• _Available data_
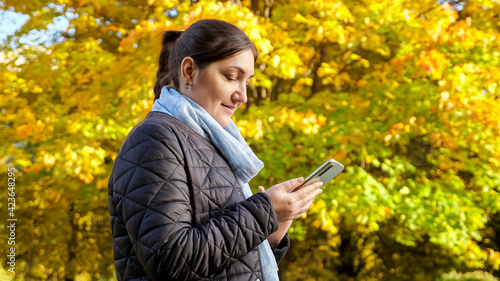 Young woman with phone on background of yellow trees.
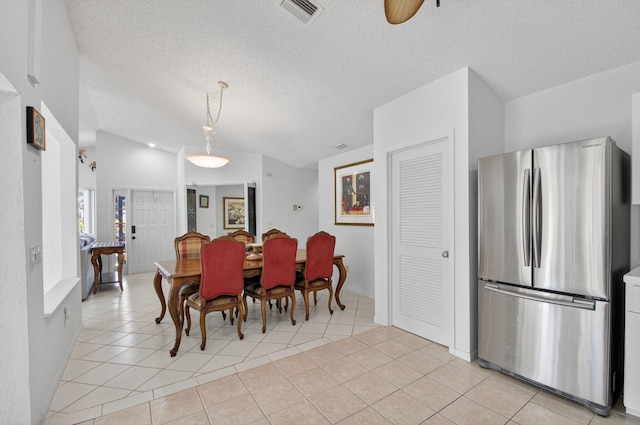 3010 NW 12th St Unit D, Delray Beach, FL 33445 - dining area with light tile patterned floors, a textured ceiling, ceiling fan, and lofted ceiling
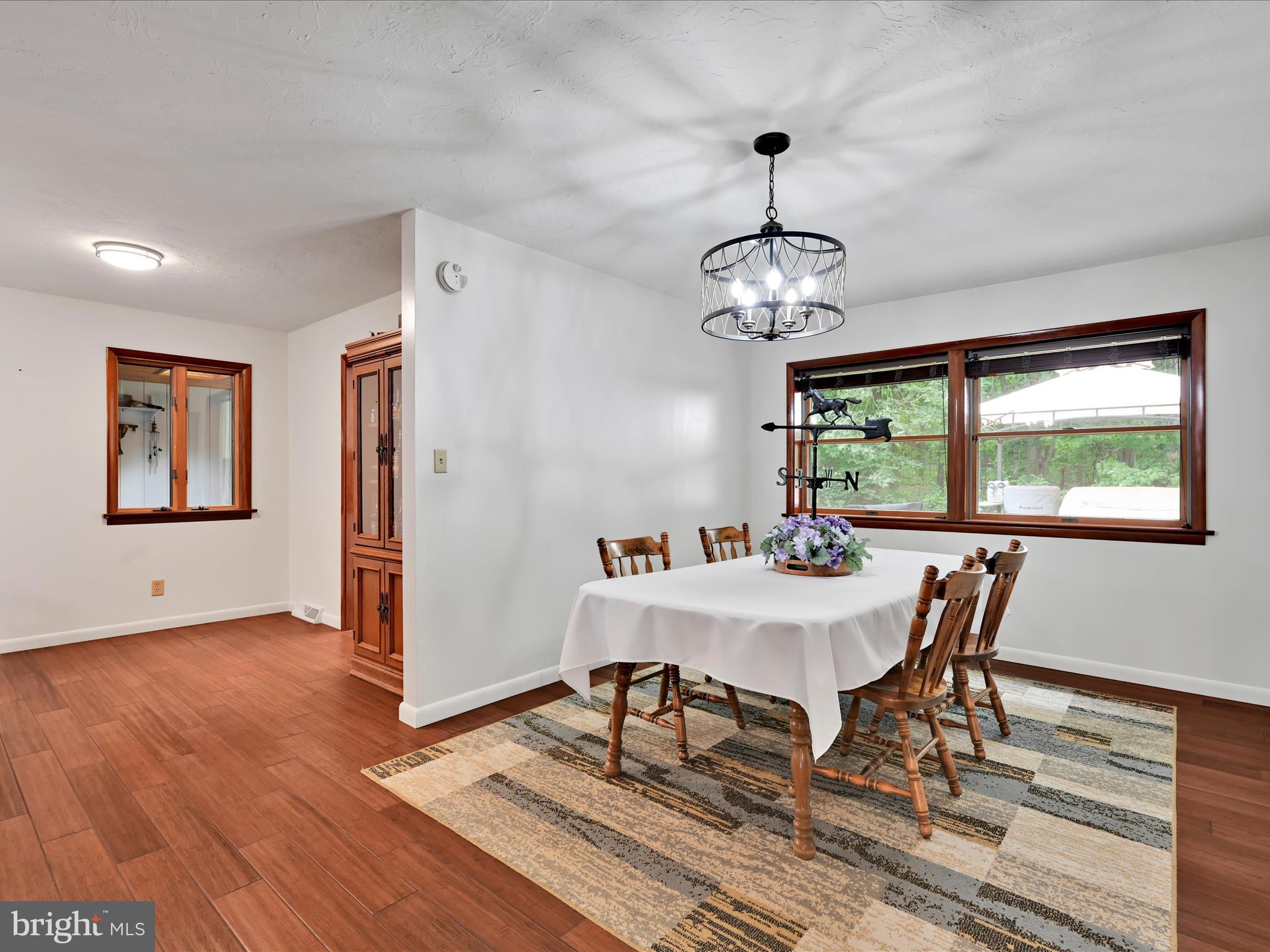 5150 Chestnut Grove Road Spring Grove, PA 17362 - Photo 9 of 56 a view of a dining room with furniture window and wooden floor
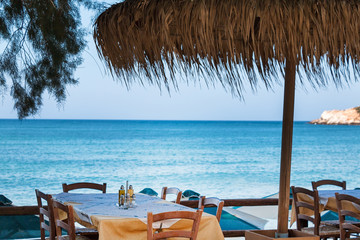 Table with sea view. Reed umbrella.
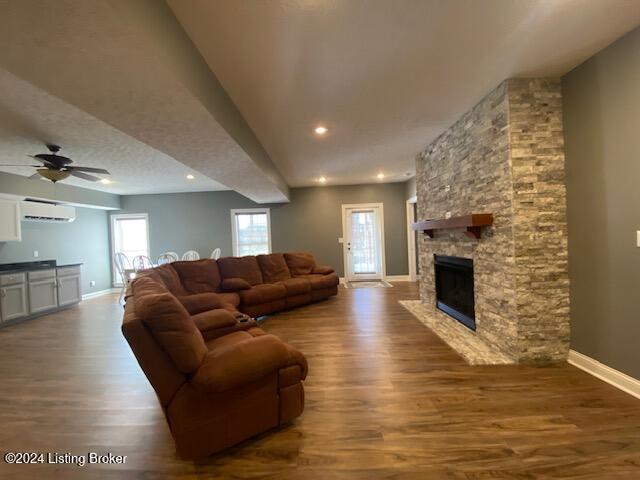 living room featuring an AC wall unit, ceiling fan, a fireplace, and wood-type flooring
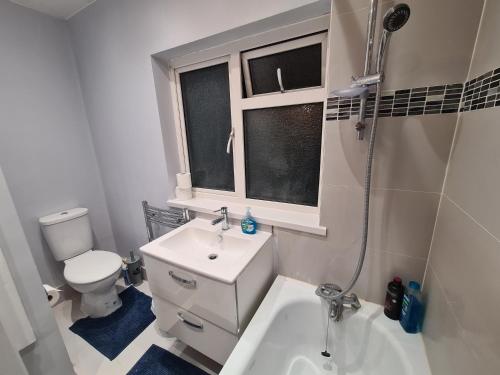 a bathroom with a sink and a toilet and a shower at Cheerful 4/5 bed house - Heathrow in West Drayton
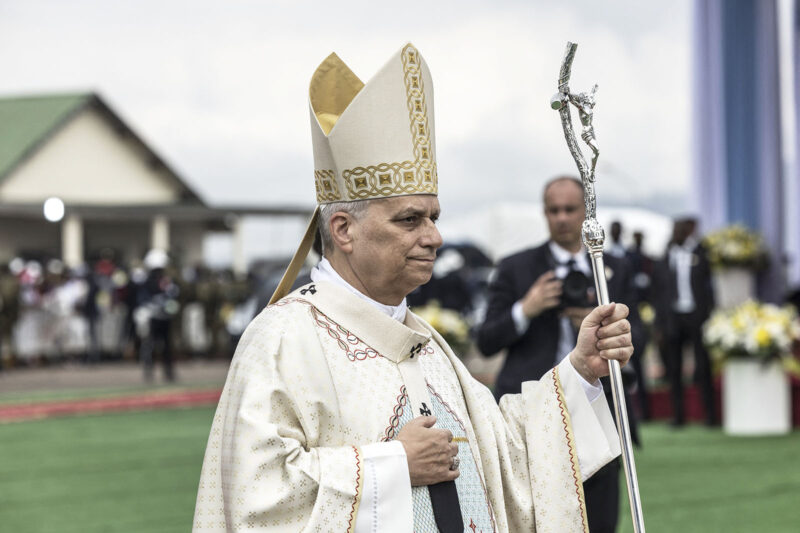 The pope dressed in his mitre (tall hat) and white robe with a staff
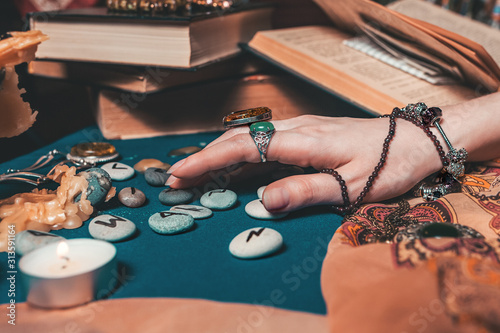 Astrology and esotericism. The female hand of the sorceress reads the runes. In the background, old books, fortune-telling runes, candles, and jewels. Close up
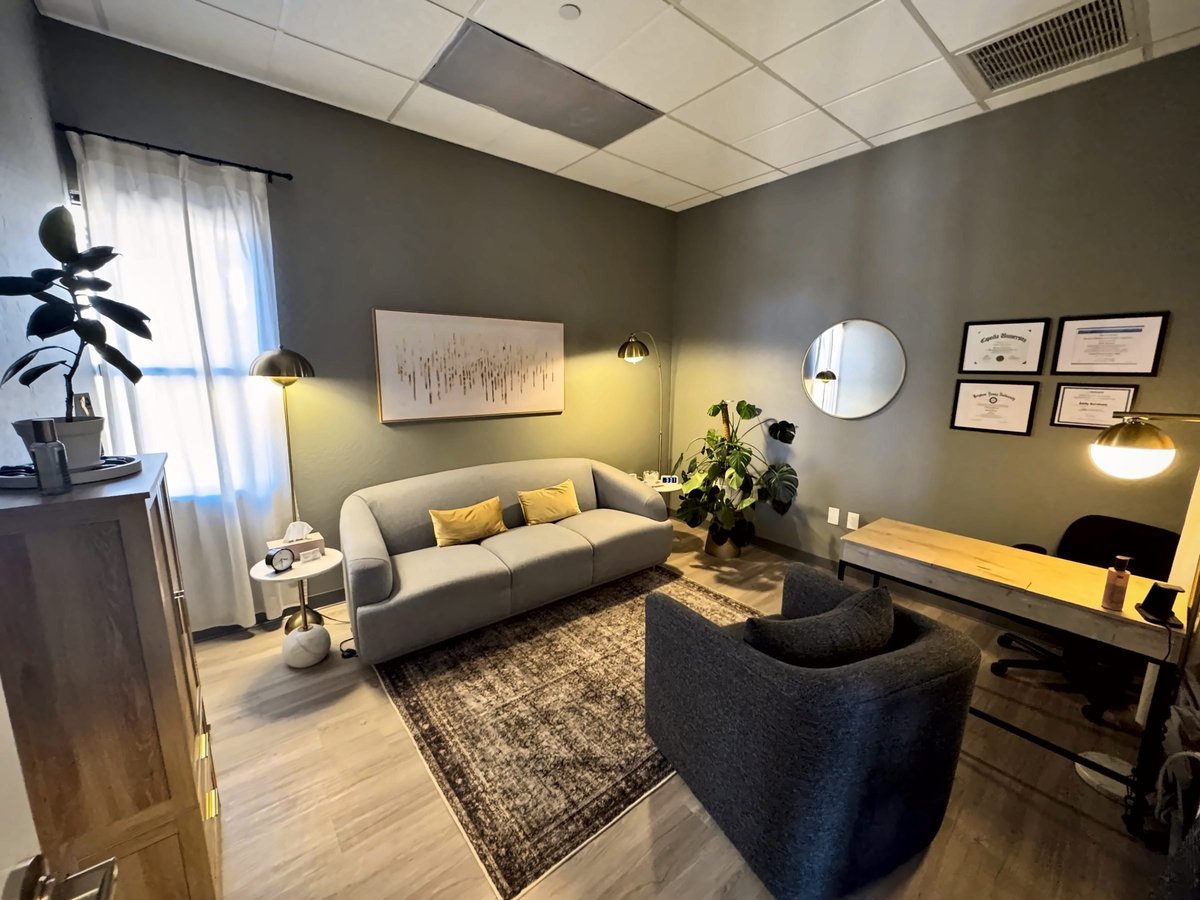Modern office lounge with gray sofa, dark armchair, desk, warm lighting, and potted plants on wooden flooring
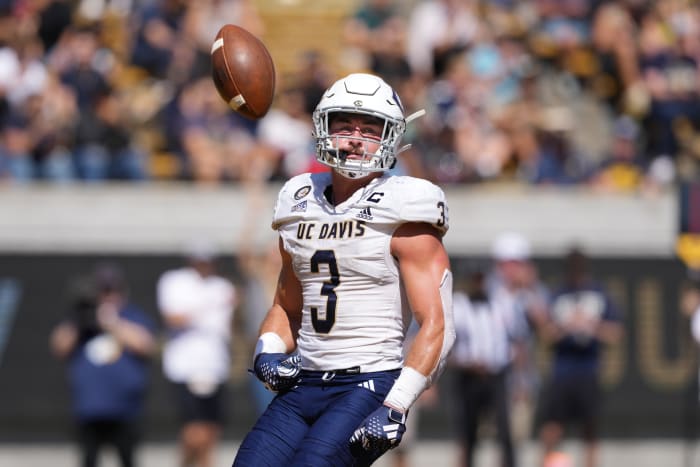 UC Davis Aggies running back Lan Larison (3) flips the ball into the air after scoring a touchdown against the California Golden Bears during the second quarter at California Memorial Stadium.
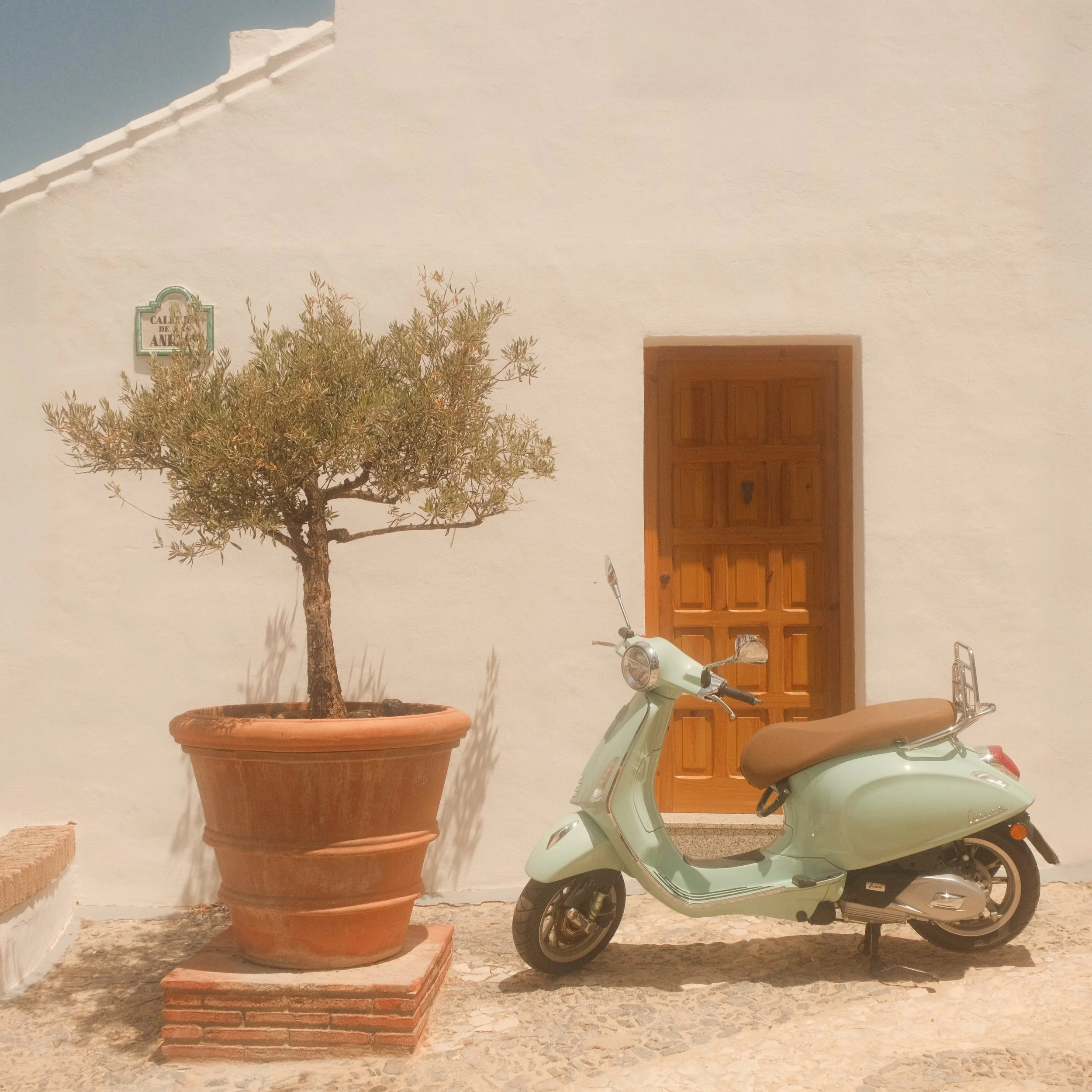 A mint green scooter parked on a stone pavement against a white wall with a wooden door. There is a large terracotta pot with a small tree next to the scooter. A street sign reading 'Calle de' is partially visible on the wall.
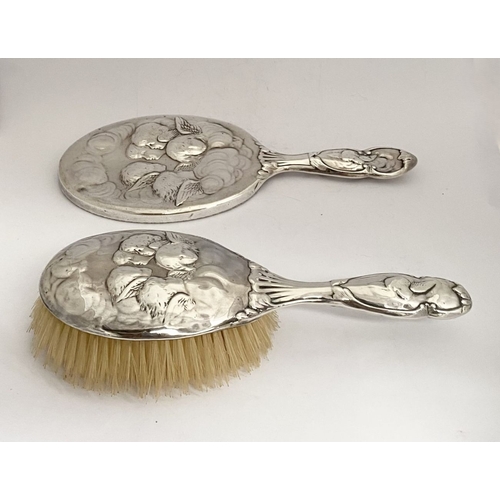 12 - A DECORATIVE EDWARD VII SILVER HAND MIRROR & HAIRBRUSH, by William Comyns & Sons, Manufacturing silv... 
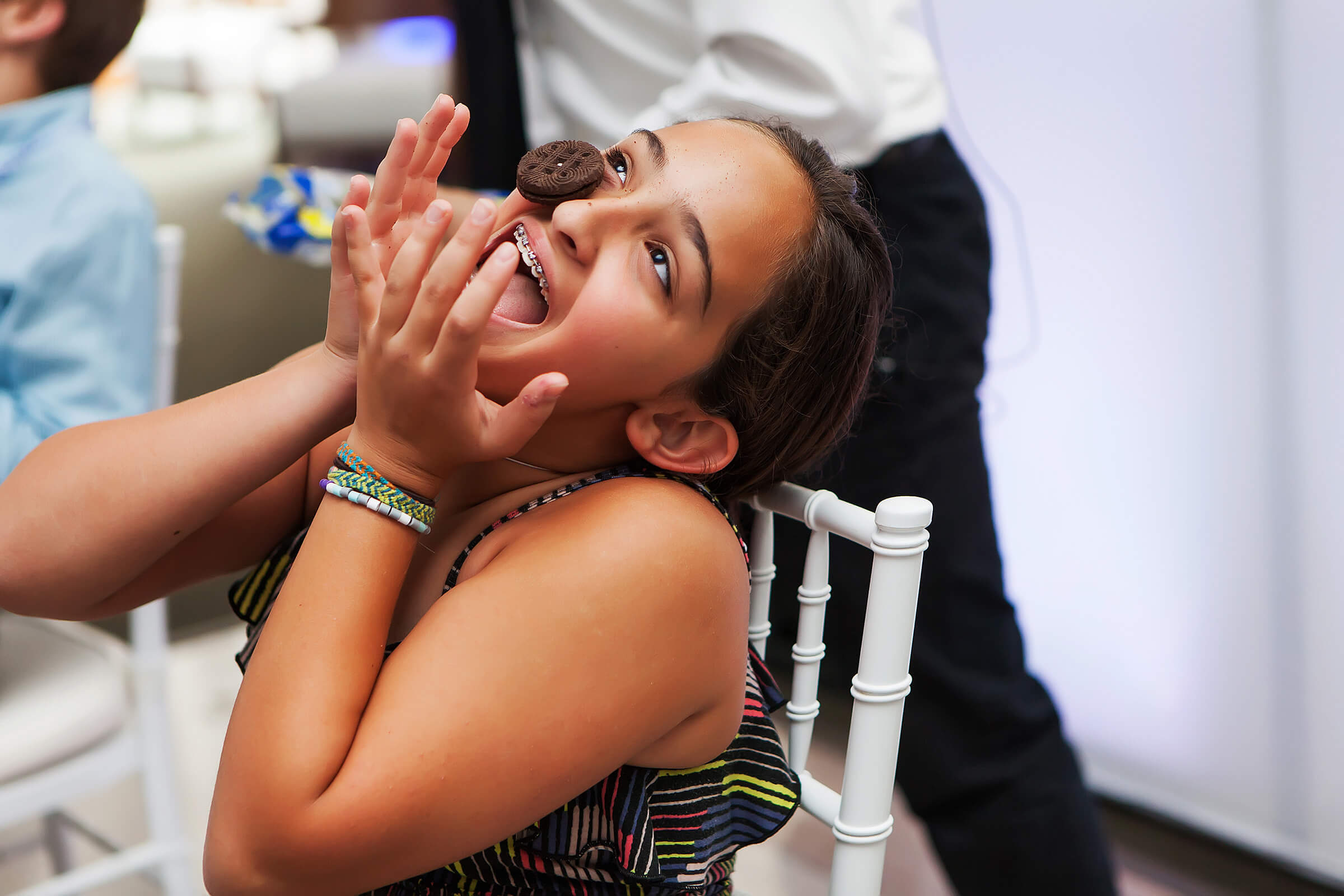 A Picture of a person with a chocolate cookie on their face as they try to make it from their forehead to their mouth, a Party Game called Cookie Face.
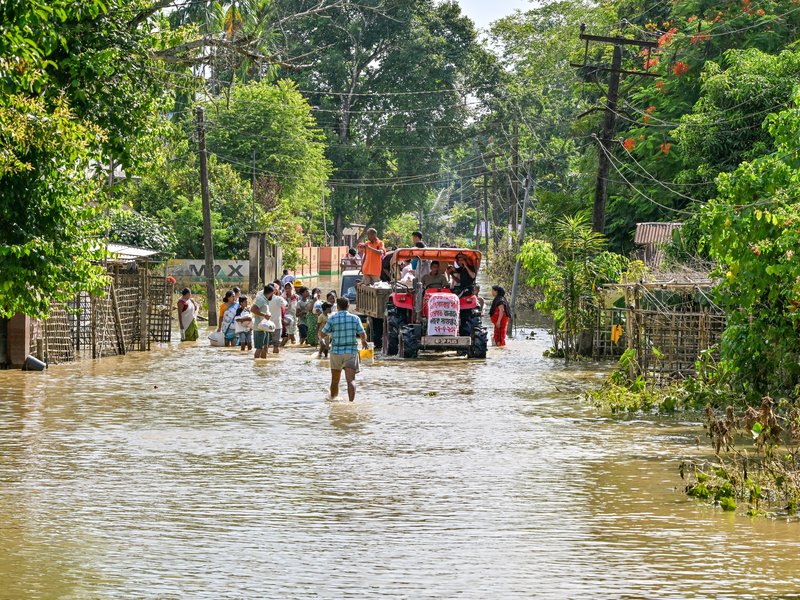Sivasagar: Volunteers distribute relief materials to flood-affected residents using a tractor following heavy monsoon rains in Assam's Sivasagar district on Monday, July 27, 2026. (Photo: IANS)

• _What is needed_
In the records above, everything from the line with "living room featuring" down to the line with "12 - A DECORATIVE" is to be set down exactly, both ends included, with no pictures and no other lines.

• _Response box_
 living room featuring an AC wall unit, ceiling fan, a fireplace, and wood-type flooring
 a bathroom with a sink and a toilet and a shower at Cheerful 4/5 bed house - Heathrow in West Drayton
 The pope dressed in his mitre (tall hat) and white robe with a staff
 Astrology and esotericism. The female hand of the sorceress reads the runes. In the background, old books, fortune-telling runes, candles, and jewels. Close up
Modern office lounge with gray sofa, dark armchair, desk, warm lighting, and potted plants on wooden flooring
 UC Davis Aggies running back Lan Larison (3) flips the ball into the air after scoring a touchdown against the California Golden Bears during the second quarter at California Memorial Stadium.
 A mint green scooter parked on a stone pavement against a white wall with a wooden door. There is a large terracotta pot with a small tree next to the scooter. A street sign reading 'Calle de' is partially visible on the wall.
 12 - A DECORATIVE EDWARD VII SILVER HAND MIRROR & HAIRBRUSH, by William Comyns & Sons, Manufacturing silv... 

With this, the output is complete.